The problem had been compounded by poor leadership, lack of social accountability as well as a sleeping media that have failed to effectively interrogate the issues, Dr Doris Mawuse Aglobitse, the Programme Analyst for Communication and Resource Mobilisation, UNFPA, has said.
“Leaving a nation’s capital investments in the hands of donors is a dangerous game any government could play, yet Ghana had taken such chances in the past leading to numerous challenges in our healthcare system,’’ she said.

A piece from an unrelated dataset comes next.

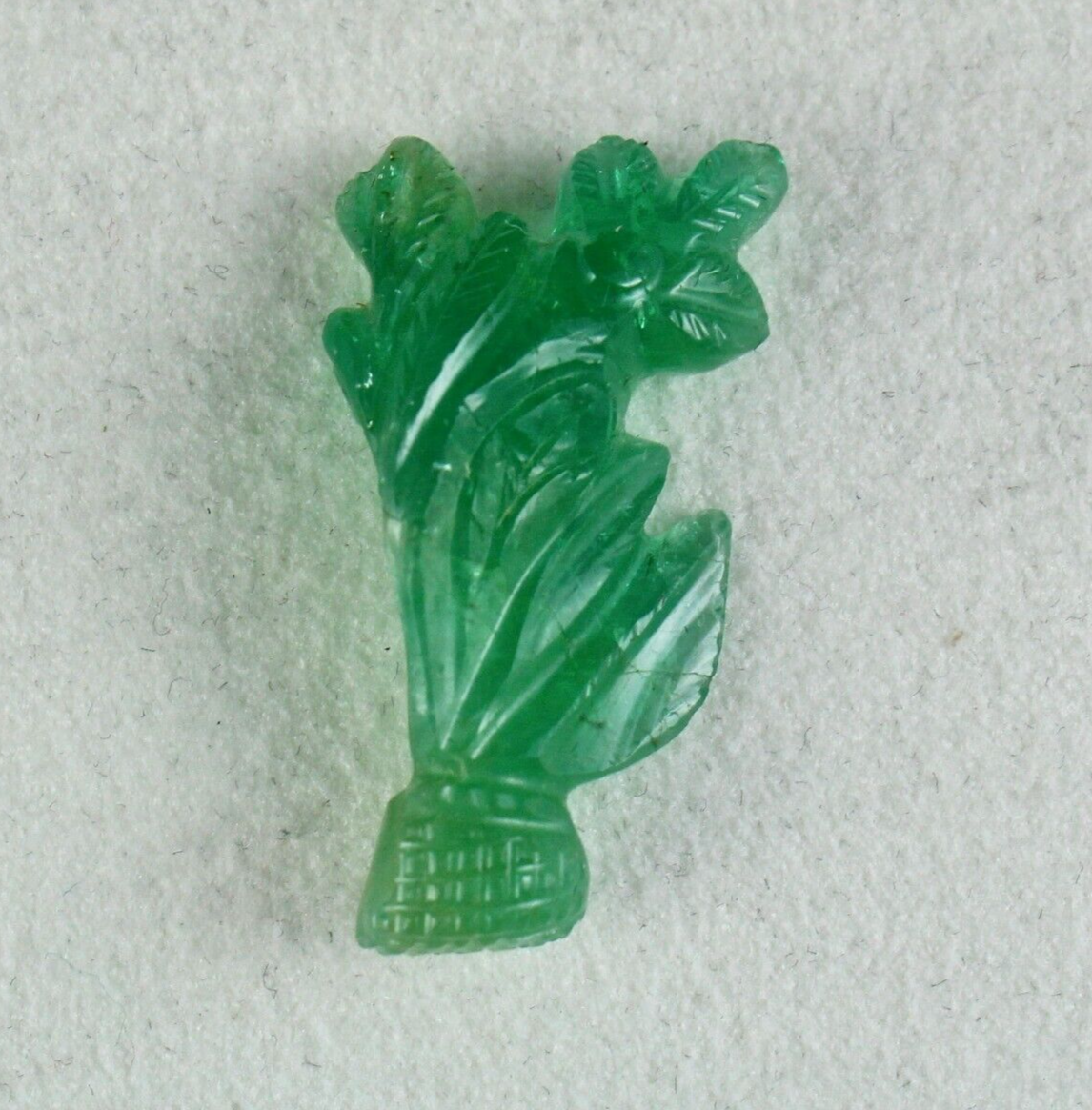 Certified Antique Natural Emerald 20.96ct Leaf Flower Carve Pendant Brooch Women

Dr Aglobitse said the country’s present healthcare delivery system could be said to be in a sorry state and very shameful as basic services were nothing to write home about.
She was addressing a workshop to empower health reporters with knowledge on the six key areas under the USAID-sponsored People4 Project. The areas are Maternal , Malaria, Nutrition, Family Planning, Water, Sanitation and Hygiene (WASH) and HIV/AIDS.
“The media ought to be provoked into action as they are the only force that can drive change, social accountability and policy commitment towards the nation’s capital investment for sustainable development,’’ she said.
The workshop was organised by the Ghana News Agency (GNA) at Aburi, in the Eastern Region, in collaboration with Media and Communication Advocacy Network (MCAN), SEND-Ghana and Pensplusbytes.
The project, which would cover the Greater Accra, Eastern, Northern regions, is on the theme: “Transparency and Accountability Mechanisms for People for (P4H) Project”.
Dr Aglobitse said currently statistics, especially on Maternal , Infant and Child Mortality, Malaria, and Malnutrition, are very high and devastating in areas with very low health care coverage.
She, therefore, called for action to demand from government a commitment to stick to and fulfil its obligation of devoting at 15 per cent of the national budget to health issues in line with the Abuja Declaration.
Dr Aglobitse said, to a large extent, funding releases to the health sector and the National Insurance Scheme (NHIS) did not come in early for reimbursement, which affected the healthcare delivery system.
Dr Aglobitse expressed the hope that the journalists would use the knowledge acquired to effectively embark on public sensitisation so that people would understand the issues affecting their health rights and make appropriate demands for change.
Mrs Yaa Oforiwah Asare-Peasah, the Director of Editorial, at the Ghana News Agency, said the workshop, which would be repeated in the Eastern and Northern regions, for MCAN members and health journalists, would promote community empowerment and improve reporting and tracking of diseases as far as the health and well-being of Ghanaians were concerned.
She said the country could not sustain its achievements in the other sectors of the economy if it did not address the deficiencies in the health sector.
She, therefore, encouraged the media to strengthen their advocacy role to educate the public and policy makers for a positive attitudinal change to ensure sustainable development.
Mr Gearge Osei-Bimpeh, the Country Director of SEND-Ghana, expressed satisfaction with the partnership so far, and pledged further support to facilitate the successful implementation of the project.
He urged the media up their advocating and sensitising role for the upholding of human rights in all spheres of life and called for hard work to ensure a successful health care delivery system.